#### Assigned task
Since pictures are not wanted, repeat only the text of the records, word for word.

__________

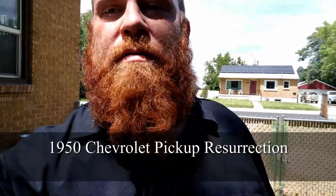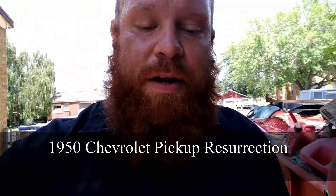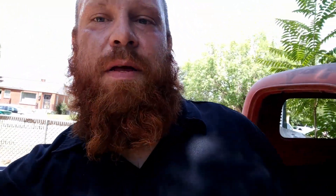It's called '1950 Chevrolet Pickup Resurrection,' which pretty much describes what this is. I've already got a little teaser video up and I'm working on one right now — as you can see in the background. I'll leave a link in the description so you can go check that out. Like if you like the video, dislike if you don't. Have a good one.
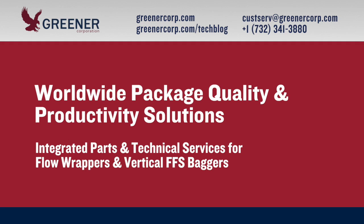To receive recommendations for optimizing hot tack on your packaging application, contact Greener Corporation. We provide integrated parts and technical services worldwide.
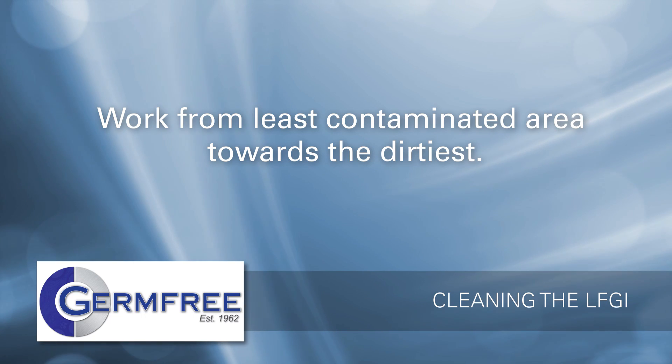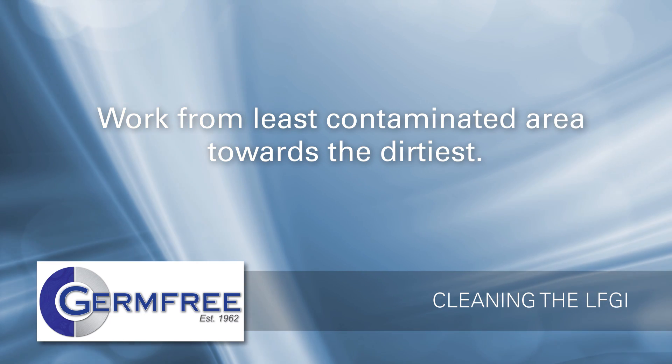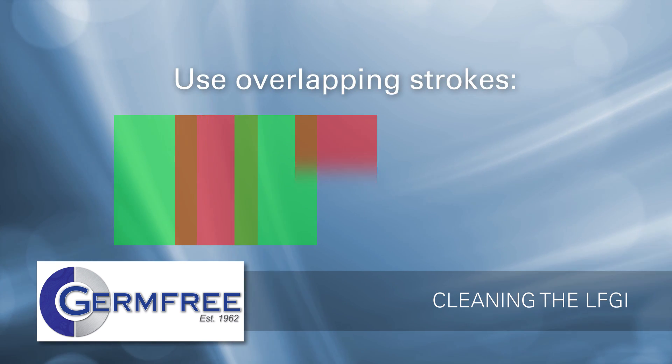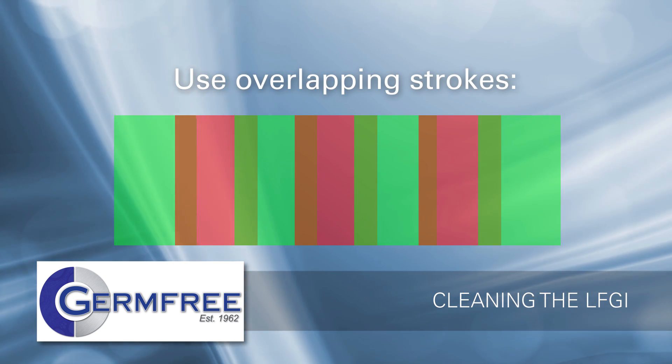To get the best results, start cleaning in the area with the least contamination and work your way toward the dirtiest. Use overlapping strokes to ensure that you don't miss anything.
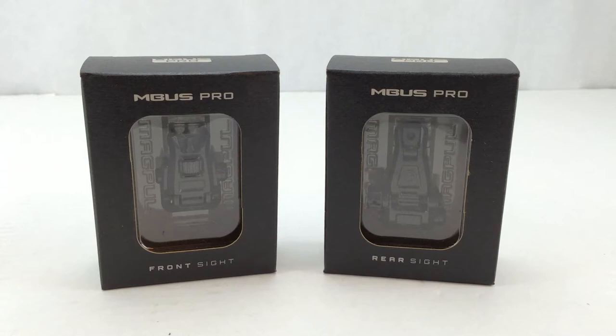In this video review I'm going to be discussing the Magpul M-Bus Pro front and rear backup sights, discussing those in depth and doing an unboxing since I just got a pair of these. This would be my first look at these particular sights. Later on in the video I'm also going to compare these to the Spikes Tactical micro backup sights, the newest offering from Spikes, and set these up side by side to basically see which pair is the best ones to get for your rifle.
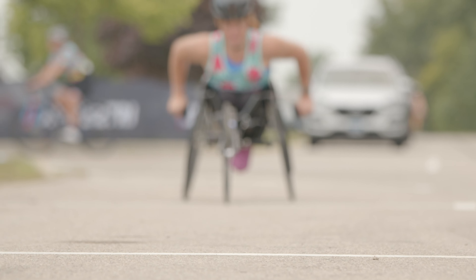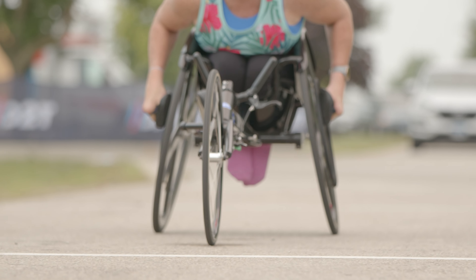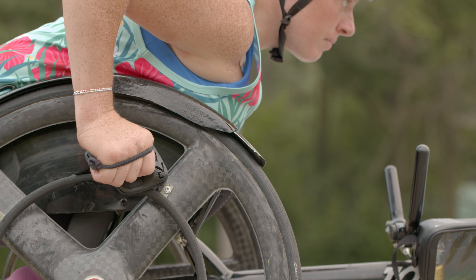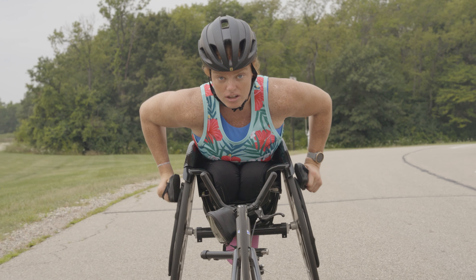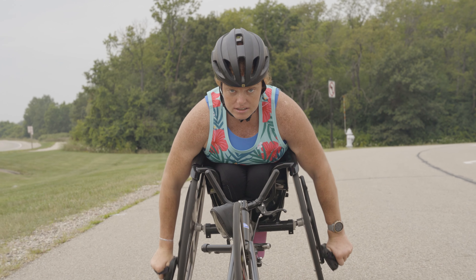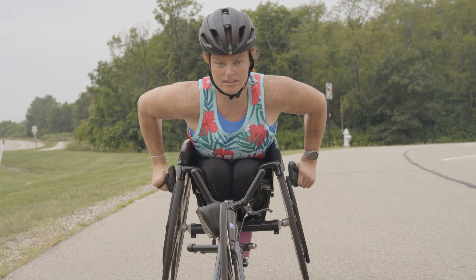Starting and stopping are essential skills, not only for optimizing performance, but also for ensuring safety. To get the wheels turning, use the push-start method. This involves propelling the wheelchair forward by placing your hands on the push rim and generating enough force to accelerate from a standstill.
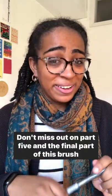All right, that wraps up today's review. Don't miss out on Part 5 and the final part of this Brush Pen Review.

__________

#### Solution to this problem
It's called '1950 Chevrolet Pickup Resurrection,' which pretty much describes what this is. I've already got a little teaser video up and I'm working on one right now — as you can see in the background. I'll leave a link in the description so you can go check that out. Like if you like the video, dislike if you don't. Have a good one.
To receive recommendations for optimizing hot tack on your packaging application, contact Greener Corporation. We provide integrated parts and technical services worldwide.
To get the best results, start cleaning in the area with the least contamination and work your way toward the dirtiest. Use overlapping strokes to ensure that you don't miss anything.
In this video review I'm going to be discussing the Magpul M-Bus Pro front and rear backup sights, discussing those in depth and doing an unboxing since I just got a pair of these. This would be my first look at these particular sights. Later on in the video I'm also going to compare these to the Spikes Tactical micro backup sights, the newest offering from Spikes, and set these up side by side to basically see which pair is the best ones to get for your rifle.
Starting and stopping are essential skills, not only for optimizing performance, but also for ensuring safety. To get the wheels turning, use the push-start method. This involves propelling the wheelchair forward by placing your hands on the push rim and generating enough force to accelerate from a standstill.
All right, that wraps up today's review. Don't miss out on Part 5 and the final part of this Brush Pen Review.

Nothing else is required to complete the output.